Returning to my roots.

I’ve spent some time over the last couple of days wrangling with Dreamweaver. I started to write up what Dreamweaver is, and what its alternatives are, and why those pieces of information are pertinent to the story. But then I realized that, if I have to explain these things, you’re not really going to get the story, which is ok. Not everybody has to get every story. Instead, the story shall stand on its own.

Once, a long long time ago, back when the Internet was in its infancy, a smart young man foolishly took me under his somewhat drunken wing and decided to give me a leg up in the world of web development. I was given the task of writing a simple web page – the HTML equivalent of “Hello World” – and to have it ready for his review the following morning. I did a couple of gopher searches, poked around at the newly-released Netscape Navigator web browser, and soon had a page ready.

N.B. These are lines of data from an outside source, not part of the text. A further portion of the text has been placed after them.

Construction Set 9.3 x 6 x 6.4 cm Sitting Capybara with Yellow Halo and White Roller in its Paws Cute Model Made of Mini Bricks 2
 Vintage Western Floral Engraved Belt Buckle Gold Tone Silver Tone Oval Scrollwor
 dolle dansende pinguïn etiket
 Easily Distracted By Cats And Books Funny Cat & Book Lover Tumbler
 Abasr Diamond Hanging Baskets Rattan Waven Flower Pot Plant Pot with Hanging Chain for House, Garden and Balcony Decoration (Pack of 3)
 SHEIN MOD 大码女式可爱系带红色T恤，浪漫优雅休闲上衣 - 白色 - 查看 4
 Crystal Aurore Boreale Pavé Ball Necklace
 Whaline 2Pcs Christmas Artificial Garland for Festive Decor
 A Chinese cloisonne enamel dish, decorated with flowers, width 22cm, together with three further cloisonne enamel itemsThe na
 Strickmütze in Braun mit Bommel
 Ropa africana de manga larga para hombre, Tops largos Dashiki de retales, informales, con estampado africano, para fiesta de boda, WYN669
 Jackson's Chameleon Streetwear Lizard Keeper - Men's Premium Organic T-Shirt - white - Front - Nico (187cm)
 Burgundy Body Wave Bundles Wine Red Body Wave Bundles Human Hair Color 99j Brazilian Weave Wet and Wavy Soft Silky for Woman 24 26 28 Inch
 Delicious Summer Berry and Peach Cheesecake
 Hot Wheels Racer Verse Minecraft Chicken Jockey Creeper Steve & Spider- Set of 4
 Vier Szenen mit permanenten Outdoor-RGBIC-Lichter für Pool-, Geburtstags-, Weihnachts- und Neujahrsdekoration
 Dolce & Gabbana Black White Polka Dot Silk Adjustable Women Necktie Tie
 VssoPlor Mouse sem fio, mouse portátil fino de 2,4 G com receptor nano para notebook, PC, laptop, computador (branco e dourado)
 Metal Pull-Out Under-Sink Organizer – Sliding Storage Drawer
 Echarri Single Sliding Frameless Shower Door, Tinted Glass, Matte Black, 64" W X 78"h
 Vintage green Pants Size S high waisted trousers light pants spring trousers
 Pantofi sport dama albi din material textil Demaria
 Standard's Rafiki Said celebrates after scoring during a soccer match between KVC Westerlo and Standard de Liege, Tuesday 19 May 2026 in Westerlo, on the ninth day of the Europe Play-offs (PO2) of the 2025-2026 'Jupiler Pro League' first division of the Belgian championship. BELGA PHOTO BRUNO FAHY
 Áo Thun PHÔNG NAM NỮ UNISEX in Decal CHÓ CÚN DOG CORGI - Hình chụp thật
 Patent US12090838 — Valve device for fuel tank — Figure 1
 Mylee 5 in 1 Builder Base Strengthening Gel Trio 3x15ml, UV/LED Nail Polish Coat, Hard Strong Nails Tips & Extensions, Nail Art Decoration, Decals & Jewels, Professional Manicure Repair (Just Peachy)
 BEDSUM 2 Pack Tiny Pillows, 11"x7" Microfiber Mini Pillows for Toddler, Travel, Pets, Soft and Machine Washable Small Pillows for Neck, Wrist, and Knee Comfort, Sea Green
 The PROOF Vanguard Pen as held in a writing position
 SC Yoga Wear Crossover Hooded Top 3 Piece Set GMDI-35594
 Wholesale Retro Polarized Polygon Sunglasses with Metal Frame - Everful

The next morning came around, and my mentor came in and directed me to produce what I came up with. I opened the aforementioned Netscape, and displayed my page. The mentor took a quick look and deemed it worthwhile, and then told me to change a couple of things. Confident in what I’d learned the night before, I launched the “web editor” portion of the application. As it was loading, I suddenly felt a sharp rap on the top of my head.

“You will not use web editors,” said my mentor.

“Why?” I asked, rubbing the top of my head.

“Because if you’re just dragging pieces, clicking around like a monkey, you don’t know the code. If you don’t know the code, then you don’t know how it works together. If you don’t know how it works together, you don’t actually know it at all, and you’re a hack. Know your code.”

I’ve made a couple of recent forays into the world of graphical web site creators and editors, and every single time, I’ve reverted back to editing the code directly (when possible) or longing for the ability to do so. That five minute conversation has probably done more to shape the way I think of web page development (and later, actually programming) than anything else.

Oh yeah. And I’ve ditched Dreamweaver.